If I'm not mistaken, I believe he may have used one of the TCSS trim rings in place of the Obi "cubes". Also, his switches tend to be sort of a signature of his. Also, just FYI - getting that "ring" of LEDs wired up and functioning will be 1) a bit of a PITA and 2) very difficult to have functional without a Crystal Focus board.

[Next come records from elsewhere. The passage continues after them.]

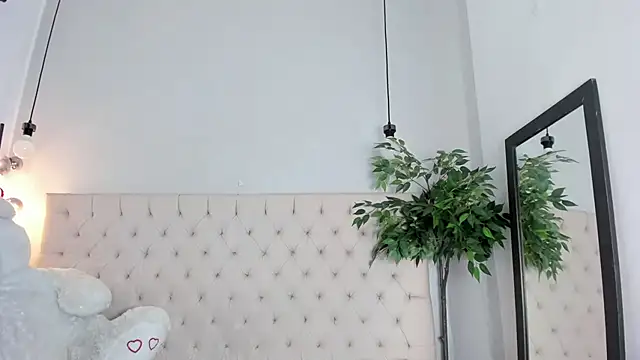 Victoria_Coleman webcam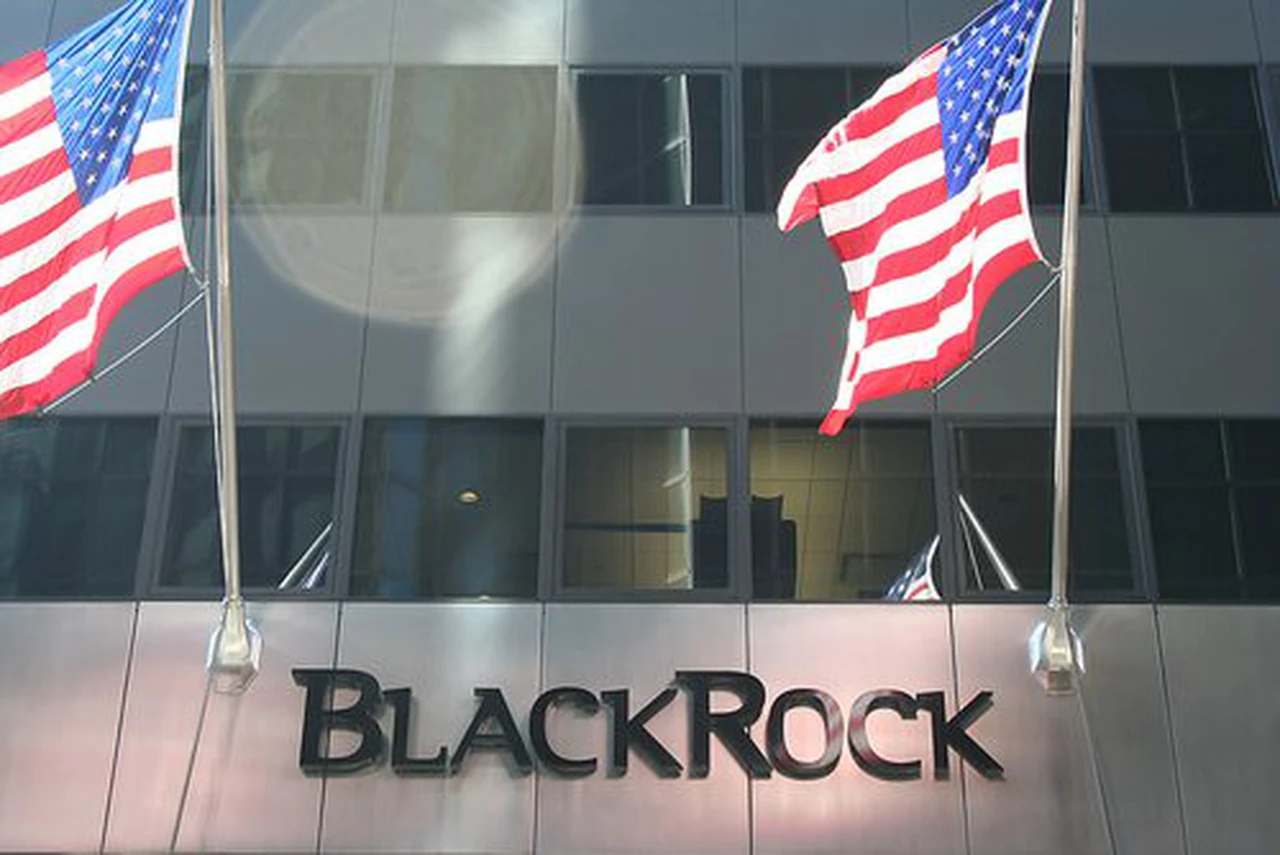 Máxima tensión por la deuda: el grupo liderado por BlackRock, a punto de declararle la guerra a la Argentina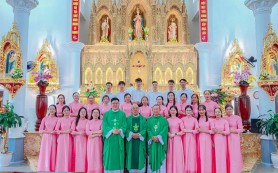 Giáo họ Tân Khai - Ngưỡng Nhân mừng Quan Thầy
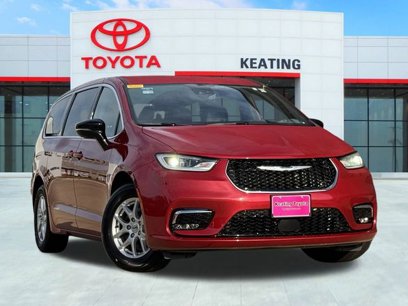 Used 2025 Chrysler Pacifica Select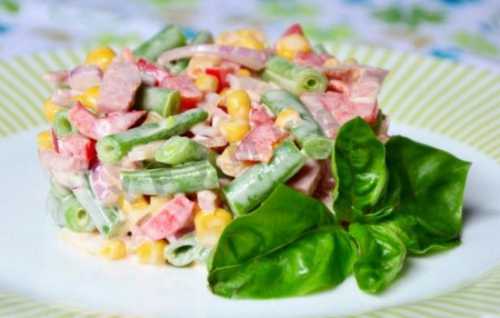Рецепты салат с ветчиной и кукурузой: секреты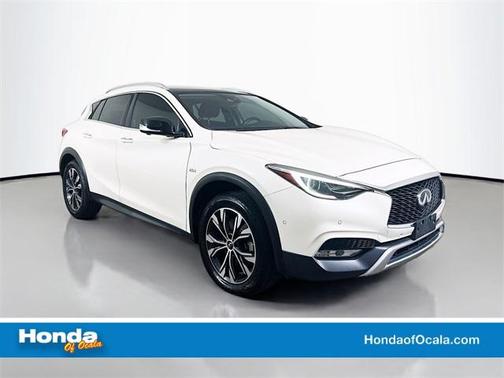 2018 INFINITI QX30 Premium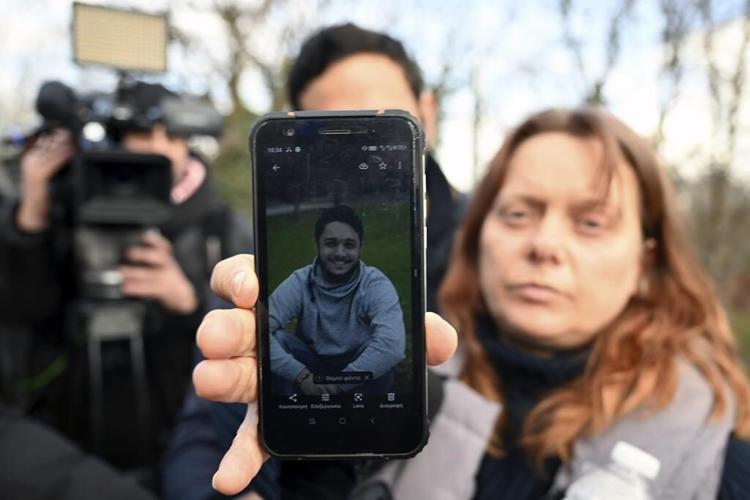 Greek crash: Funerals begin after harrowing ID process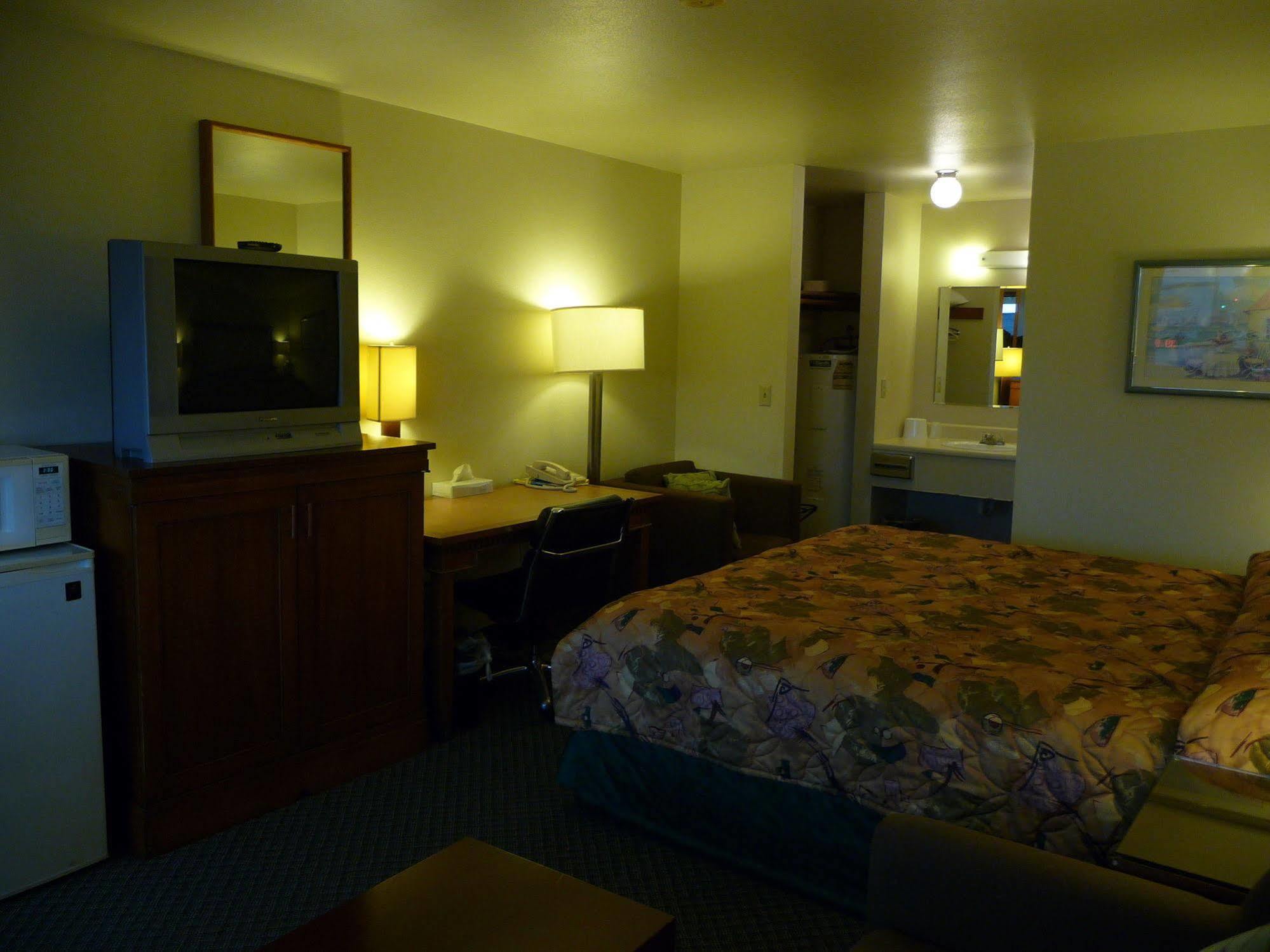 Sundowner Motel スクイム エクステリア 写真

Looks like you're on the right track so far though,
-C
 

DARTH SABER

Master Member
I probably wouldnt go with fine sandpaper to knock back the Aluminum Black weathering. I would suggest steel wool.
Sandpaper tends to leave a scraped texture that looks like intentional weathering. Steel wool has a more natural feel. At least thats my preference.
 

Jedifather

Sr Member
RPF PREMIUM MEMBER
VERY nice. Great job. I love how it has the look of various "found" parts/pieces, like a jedi would build a saber from,as oppossed to a symmetrical "machined" look.
 

alessandra

Member
I just want to point out that the original pictures in the post are NOT of a saber that I built. I don't want to steal credit for someone else's work. The pictures in the first post are the inspiration for the saber I want to make, which admittedly will be very similar, because yes, they did do an amazing job on that saber. It also has a CF5 and all the bells and whistles so it was going for $1500. I can do it cheaper myself, even with the CF5, so I decided to replicate it with a few of my own customizations.

Sorry if that wasn't clear.

Also, I ran across this - a Makoto any-color lightsaber blade. It uses three 5-level rotary knobs to control three modulated LEDs (RGB) to create any color. I am now sort of obsessed with this idea.

http://www.youtube.com/watch?v=Ud_iBHXX8Qg





Now if only I could cram the Makoto parts from this saber into the Madcow hilt...I really need to learn how to do more complex wiring...because that would be my dream lightsaber.

I'm already thinking - this is a huge project and I have no idea how to do it - but...

Option #1: I would use similar brass buttons to the original Madcow hilt on the bottom of the blade emitter rather than three rotary knobs. Three brass buttons total - one for red, one for green, and one for blue. One press would cycle through an intensity, for a total of five levels. 1-2-3-4-5-1...etc.... Eeeeeee!

Option #2: I would use a LedEngin 10W RGBA LED emitter with a 15-rotary switch version with a LedEngin 10W RGBA, like Matt Thorn's (of FX-Sabers forums). Also, he was kind enough to provide a wiring diagram. When it comes right down to it, three RGB knobs is a neat idea, but having one 15 position knob might make the most sense. I've also seen people playing around with 40W LedEngin RGBA LEDs...though I think they require cooling fans?



http://www.fx-sabers.com/forum/index.php?topic=26488.0



First steps first, waiting on the Acerocket MHS-threaded TPM Obi-Wan pommel, which is probably the rarest part of this saber.